In the aftermath, Michael frees trapped souls from Hell, narrating the world's salvation. Liz spots the child in a forest, whispering "Lucifer." Lucifer's essence escapes but is then absorbed by the child.

==Production==
Principal photography took place in Prague and other Czech Republic locations from March to April 2019, under the working title, dEvil.

==Release and box office==
The Devil Conspiracy was released at the Brussels International Fantastic Film Festival on September 10, 2022. It was released theatrically on January 13, 2023, in the United States and Canada. It grossed $765,218 in the United States and Canada. In Russia it grossed $193,793 and grossed $25,330 in Colombia, making a worldwide total of $984,341.

===Critical reception===
 Metacritic, which uses a weighted average, assigned the film a score of 37 out of 100, based on six critics, indicating "generally unfavorable" reviews.

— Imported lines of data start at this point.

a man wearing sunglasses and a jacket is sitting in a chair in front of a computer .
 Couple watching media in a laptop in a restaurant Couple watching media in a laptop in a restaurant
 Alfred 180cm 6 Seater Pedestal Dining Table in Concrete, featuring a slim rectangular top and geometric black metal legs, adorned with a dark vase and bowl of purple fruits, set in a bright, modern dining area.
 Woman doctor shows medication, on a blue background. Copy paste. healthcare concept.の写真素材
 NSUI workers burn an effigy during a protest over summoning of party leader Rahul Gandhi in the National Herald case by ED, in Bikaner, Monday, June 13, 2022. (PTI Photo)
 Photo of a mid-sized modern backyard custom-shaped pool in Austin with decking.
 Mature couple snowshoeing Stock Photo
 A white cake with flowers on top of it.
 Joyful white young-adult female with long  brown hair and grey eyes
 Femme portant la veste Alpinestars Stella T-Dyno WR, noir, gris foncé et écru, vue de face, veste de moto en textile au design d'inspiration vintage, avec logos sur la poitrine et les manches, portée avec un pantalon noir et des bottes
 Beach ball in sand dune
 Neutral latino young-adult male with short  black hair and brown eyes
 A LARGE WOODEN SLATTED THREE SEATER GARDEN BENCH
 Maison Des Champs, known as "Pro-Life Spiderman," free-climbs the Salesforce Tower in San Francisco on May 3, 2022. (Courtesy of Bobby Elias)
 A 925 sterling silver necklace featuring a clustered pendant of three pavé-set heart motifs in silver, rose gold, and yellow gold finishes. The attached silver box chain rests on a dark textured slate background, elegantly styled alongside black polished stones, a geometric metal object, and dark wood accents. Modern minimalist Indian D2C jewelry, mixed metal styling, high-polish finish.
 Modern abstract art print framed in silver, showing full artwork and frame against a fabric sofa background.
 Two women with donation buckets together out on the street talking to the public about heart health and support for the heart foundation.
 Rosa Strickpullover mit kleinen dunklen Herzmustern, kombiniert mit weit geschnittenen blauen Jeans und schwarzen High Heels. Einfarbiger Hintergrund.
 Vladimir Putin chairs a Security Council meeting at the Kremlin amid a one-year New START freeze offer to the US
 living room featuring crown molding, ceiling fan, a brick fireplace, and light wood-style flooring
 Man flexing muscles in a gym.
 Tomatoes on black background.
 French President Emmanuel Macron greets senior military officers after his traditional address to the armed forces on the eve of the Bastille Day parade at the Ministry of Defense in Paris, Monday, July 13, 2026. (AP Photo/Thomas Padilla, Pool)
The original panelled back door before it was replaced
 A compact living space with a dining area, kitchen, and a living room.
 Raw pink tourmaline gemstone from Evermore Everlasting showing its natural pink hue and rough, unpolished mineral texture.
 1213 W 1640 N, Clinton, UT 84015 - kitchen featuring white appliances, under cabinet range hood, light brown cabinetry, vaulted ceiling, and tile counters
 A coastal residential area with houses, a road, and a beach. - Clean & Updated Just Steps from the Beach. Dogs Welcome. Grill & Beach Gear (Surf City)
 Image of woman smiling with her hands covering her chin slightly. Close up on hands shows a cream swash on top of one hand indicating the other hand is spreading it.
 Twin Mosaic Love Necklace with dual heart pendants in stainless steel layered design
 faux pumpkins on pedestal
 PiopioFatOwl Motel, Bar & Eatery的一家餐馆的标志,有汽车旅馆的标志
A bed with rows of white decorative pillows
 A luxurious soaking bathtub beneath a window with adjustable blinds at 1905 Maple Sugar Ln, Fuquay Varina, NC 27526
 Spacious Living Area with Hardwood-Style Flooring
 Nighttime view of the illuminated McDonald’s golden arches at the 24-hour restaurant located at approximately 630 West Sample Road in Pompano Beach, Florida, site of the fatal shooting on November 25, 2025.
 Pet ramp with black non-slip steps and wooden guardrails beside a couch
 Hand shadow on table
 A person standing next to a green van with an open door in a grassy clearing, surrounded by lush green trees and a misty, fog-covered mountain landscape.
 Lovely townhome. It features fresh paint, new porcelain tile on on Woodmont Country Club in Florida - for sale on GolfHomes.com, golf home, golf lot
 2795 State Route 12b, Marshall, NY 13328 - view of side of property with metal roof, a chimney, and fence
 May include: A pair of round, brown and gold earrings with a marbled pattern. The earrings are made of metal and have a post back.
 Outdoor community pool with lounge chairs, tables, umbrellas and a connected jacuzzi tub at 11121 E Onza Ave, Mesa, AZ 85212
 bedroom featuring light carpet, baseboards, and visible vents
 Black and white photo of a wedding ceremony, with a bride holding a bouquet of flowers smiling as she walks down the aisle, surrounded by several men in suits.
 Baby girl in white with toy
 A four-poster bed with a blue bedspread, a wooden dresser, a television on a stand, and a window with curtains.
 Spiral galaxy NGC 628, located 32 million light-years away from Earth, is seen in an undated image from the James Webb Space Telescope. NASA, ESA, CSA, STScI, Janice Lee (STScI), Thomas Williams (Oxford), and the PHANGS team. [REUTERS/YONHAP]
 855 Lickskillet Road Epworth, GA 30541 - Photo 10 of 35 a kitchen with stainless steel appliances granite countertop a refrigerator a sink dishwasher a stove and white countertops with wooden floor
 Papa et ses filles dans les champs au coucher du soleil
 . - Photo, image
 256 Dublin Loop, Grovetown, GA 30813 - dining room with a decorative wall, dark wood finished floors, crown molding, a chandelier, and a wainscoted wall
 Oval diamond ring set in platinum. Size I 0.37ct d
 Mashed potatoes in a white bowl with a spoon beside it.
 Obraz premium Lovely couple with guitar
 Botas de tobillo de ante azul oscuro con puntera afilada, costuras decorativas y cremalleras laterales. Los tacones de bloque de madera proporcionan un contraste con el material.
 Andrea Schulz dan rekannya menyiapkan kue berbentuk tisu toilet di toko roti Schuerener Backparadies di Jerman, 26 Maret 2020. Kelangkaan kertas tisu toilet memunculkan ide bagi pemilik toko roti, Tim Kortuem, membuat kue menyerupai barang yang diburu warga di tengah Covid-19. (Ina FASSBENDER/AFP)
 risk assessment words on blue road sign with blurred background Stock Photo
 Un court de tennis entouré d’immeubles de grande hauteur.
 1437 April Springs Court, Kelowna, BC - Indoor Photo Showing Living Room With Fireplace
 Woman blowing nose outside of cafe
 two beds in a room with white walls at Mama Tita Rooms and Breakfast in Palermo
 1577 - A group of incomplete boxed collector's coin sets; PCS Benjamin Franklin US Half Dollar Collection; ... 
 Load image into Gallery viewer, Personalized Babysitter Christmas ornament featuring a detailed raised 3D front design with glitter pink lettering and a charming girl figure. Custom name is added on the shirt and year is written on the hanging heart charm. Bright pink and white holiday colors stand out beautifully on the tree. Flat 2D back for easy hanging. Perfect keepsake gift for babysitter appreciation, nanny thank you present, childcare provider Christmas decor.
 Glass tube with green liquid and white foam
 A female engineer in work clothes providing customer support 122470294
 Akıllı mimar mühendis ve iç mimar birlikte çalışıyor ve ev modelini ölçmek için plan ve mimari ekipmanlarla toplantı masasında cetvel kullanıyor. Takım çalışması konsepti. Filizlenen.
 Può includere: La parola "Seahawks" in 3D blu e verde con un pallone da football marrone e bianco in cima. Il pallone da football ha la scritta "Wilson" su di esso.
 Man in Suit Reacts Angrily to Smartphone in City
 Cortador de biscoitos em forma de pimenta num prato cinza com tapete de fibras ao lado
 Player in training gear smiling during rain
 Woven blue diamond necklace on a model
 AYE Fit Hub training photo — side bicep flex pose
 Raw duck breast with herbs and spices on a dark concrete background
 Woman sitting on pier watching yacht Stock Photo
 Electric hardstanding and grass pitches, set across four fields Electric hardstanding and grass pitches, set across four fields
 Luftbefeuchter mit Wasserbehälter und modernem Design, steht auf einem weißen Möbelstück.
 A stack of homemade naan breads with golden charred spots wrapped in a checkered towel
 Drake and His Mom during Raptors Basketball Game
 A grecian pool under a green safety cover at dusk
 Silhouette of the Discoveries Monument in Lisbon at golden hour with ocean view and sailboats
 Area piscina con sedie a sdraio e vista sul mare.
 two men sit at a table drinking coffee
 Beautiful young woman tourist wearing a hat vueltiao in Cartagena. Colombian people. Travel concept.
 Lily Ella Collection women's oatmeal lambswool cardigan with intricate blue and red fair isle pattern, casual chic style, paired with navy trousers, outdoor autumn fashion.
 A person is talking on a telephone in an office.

Dennis Harvey writing for Variety said "If they're game for CGI-laden eye candy that treats Biblical prophesies with about as much respectful seriousness as the National Treasure franchise did American history, they’ll be rewarded with a lively if overstuffed popcorn diversion". Describing it as a mashup of The Da Vinci Code and Rosemary's Baby, he praised Frankowski's "colorful stylistic" direction but called Alan's script "jumbled". Matt Donato from IGN gave the film a score of six out of ten, saying The Devil Conspiracy is a high-concept religious action flick with horror influences that sells its ambitions short but still entertains despite itself".